» Instructions to follow
When the line containing "Set of round" appears in the data below, begin copying there and stop only after the line containing "rattlesnake, waterfall, fl".

» Exercise materials

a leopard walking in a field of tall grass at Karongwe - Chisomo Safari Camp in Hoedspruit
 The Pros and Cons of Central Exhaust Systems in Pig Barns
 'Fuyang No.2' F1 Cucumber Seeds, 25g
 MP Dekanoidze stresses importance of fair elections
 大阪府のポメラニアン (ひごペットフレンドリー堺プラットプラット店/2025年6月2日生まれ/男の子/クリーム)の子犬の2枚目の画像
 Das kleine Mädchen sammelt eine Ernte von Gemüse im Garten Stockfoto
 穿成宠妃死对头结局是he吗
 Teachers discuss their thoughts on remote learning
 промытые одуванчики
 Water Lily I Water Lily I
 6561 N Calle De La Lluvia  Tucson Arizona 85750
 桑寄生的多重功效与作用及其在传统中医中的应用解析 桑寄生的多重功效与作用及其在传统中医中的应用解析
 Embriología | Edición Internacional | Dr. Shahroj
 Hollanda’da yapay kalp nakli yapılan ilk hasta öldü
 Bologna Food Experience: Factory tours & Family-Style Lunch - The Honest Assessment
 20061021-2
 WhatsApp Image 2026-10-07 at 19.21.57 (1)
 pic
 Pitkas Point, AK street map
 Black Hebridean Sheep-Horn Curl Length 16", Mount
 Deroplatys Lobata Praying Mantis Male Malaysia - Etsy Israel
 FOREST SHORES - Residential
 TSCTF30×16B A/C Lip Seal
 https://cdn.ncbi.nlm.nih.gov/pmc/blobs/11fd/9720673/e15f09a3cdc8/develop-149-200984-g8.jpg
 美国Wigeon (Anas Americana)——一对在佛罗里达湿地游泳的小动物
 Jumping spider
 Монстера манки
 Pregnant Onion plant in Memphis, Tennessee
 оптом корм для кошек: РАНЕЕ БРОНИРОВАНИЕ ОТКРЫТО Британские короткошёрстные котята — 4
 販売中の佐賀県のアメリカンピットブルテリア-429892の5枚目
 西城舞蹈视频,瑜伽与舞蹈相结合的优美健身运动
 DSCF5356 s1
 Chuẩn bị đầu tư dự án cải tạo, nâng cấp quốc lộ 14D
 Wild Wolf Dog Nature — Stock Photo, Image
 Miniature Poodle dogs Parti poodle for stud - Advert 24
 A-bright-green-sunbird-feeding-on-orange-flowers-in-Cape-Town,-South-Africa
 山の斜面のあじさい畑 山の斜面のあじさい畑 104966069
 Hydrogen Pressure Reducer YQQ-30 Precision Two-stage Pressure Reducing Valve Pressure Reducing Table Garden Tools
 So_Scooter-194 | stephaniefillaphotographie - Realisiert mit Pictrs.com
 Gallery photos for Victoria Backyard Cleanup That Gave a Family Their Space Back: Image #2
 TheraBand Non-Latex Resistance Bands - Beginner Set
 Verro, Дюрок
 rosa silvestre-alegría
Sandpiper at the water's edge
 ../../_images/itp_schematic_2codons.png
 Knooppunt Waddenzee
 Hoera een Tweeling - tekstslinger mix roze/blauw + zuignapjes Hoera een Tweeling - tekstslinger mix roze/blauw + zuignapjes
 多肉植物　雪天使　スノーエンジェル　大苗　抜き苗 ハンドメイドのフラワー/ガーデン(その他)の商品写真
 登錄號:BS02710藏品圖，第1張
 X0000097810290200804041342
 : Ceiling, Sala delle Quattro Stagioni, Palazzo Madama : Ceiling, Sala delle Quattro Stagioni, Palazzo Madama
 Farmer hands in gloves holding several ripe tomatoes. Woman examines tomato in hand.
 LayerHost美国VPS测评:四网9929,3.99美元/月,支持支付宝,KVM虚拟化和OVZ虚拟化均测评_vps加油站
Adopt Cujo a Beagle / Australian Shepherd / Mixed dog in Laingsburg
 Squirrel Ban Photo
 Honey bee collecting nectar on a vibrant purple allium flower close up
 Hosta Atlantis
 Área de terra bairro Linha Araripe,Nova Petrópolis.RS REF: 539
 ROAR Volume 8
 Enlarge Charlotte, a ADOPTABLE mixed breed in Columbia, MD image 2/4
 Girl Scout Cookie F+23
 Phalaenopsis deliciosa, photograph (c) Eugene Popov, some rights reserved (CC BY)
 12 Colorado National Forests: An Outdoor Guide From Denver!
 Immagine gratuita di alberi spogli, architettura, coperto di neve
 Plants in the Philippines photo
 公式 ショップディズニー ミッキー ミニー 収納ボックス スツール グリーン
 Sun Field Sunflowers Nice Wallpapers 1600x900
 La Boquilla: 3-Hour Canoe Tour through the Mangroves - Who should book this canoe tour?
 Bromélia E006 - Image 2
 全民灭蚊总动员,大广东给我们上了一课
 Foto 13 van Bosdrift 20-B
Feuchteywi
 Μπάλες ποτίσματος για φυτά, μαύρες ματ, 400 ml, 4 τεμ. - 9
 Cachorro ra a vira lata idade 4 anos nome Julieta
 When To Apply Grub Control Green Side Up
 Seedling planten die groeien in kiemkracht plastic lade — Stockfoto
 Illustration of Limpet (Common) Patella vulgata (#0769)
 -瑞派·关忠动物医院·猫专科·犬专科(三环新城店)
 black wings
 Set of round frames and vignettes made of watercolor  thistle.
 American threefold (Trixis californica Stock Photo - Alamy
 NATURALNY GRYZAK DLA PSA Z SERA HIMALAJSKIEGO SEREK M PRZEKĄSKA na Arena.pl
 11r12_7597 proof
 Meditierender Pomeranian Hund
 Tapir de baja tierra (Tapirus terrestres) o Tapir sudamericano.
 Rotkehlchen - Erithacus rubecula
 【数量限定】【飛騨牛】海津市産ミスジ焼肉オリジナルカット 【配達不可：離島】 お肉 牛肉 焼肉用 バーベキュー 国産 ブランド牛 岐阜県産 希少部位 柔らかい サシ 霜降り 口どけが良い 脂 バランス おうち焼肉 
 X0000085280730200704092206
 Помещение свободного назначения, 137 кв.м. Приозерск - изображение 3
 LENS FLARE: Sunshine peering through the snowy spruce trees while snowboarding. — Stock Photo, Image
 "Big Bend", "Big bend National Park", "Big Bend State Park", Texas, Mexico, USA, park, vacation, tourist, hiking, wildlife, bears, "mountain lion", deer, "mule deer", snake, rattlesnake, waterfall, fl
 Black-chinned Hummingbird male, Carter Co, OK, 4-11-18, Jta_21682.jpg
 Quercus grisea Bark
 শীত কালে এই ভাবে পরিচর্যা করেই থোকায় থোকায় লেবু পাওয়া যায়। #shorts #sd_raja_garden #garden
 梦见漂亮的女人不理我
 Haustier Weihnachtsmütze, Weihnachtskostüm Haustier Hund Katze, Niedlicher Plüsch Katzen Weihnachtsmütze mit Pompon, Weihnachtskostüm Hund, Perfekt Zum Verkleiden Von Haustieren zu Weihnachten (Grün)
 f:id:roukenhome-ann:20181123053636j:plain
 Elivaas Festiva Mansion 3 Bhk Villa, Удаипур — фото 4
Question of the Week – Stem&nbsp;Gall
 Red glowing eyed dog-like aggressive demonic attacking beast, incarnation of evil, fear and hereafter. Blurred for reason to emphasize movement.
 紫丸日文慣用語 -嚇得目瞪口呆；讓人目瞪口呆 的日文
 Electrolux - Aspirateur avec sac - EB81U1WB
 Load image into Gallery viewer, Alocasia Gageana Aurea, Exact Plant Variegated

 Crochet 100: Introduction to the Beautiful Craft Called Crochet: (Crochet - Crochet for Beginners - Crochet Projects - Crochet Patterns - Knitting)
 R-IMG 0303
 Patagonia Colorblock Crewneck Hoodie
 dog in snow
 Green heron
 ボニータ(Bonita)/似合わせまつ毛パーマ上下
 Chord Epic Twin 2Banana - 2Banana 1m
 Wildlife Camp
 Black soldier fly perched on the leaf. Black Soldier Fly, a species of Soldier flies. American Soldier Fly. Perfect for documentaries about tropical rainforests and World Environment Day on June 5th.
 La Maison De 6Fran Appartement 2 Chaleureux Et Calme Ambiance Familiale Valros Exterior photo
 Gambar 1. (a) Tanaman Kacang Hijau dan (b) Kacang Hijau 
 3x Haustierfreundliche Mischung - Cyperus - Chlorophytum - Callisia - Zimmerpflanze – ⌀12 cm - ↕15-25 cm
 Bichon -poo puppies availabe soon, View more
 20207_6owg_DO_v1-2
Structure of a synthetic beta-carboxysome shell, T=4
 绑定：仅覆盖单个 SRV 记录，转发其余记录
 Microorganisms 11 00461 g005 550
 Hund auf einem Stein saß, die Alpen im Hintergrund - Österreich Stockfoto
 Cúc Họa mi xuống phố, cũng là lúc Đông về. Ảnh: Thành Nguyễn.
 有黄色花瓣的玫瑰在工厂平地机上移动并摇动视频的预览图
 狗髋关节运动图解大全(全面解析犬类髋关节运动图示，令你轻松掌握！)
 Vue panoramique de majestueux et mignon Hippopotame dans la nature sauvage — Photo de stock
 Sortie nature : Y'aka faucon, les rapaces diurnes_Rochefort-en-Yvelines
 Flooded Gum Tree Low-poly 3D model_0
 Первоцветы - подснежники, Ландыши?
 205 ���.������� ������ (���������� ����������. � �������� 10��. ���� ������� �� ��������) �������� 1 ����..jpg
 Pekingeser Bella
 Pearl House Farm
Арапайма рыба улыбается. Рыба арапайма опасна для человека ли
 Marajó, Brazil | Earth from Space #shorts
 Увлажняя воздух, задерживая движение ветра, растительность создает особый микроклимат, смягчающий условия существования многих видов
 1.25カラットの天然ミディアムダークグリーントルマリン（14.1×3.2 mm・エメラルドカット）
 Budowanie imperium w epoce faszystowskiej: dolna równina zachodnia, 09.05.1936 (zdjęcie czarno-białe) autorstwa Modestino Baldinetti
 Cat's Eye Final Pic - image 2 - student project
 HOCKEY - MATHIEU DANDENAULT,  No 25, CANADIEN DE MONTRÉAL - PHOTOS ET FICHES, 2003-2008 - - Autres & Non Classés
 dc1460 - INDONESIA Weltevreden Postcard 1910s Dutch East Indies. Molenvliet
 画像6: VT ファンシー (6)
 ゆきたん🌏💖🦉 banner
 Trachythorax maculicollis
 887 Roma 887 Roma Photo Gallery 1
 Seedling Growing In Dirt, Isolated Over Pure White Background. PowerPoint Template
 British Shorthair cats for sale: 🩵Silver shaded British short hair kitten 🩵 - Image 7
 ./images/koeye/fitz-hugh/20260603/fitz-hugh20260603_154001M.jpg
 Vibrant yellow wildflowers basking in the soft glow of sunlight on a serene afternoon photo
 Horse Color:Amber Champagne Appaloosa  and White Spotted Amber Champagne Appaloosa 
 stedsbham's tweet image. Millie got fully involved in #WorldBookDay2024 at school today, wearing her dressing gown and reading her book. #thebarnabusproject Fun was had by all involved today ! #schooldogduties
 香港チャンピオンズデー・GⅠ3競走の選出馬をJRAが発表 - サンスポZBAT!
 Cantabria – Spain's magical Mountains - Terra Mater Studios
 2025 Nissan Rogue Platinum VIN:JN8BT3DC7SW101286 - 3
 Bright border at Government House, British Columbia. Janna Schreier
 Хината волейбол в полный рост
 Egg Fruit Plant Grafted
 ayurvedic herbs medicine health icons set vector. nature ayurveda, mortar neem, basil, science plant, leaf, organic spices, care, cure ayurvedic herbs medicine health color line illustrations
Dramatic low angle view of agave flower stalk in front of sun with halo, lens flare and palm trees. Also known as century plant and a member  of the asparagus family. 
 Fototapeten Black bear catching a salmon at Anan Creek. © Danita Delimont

» Result of this task
 Set of round frames and vignettes made of watercolor  thistle.
 American threefold (Trixis californica Stock Photo - Alamy
 NATURALNY GRYZAK DLA PSA Z SERA HIMALAJSKIEGO SEREK M PRZEKĄSKA na Arena.pl
 11r12_7597 proof
 Meditierender Pomeranian Hund
 Tapir de baja tierra (Tapirus terrestres) o Tapir sudamericano.
 Rotkehlchen - Erithacus rubecula
 【数量限定】【飛騨牛】海津市産ミスジ焼肉オリジナルカット 【配達不可：離島】 お肉 牛肉 焼肉用 バーベキュー 国産 ブランド牛 岐阜県産 希少部位 柔らかい サシ 霜降り 口どけが良い 脂 バランス おうち焼肉 
 X0000085280730200704092206
 Помещение свободного назначения, 137 кв.м. Приозерск - изображение 3
 LENS FLARE: Sunshine peering through the snowy spruce trees while snowboarding. — Stock Photo, Image
 "Big Bend", "Big bend National Park", "Big Bend State Park", Texas, Mexico, USA, park, vacation, tourist, hiking, wildlife, bears, "mountain lion", deer, "mule deer", snake, rattlesnake, waterfall, fl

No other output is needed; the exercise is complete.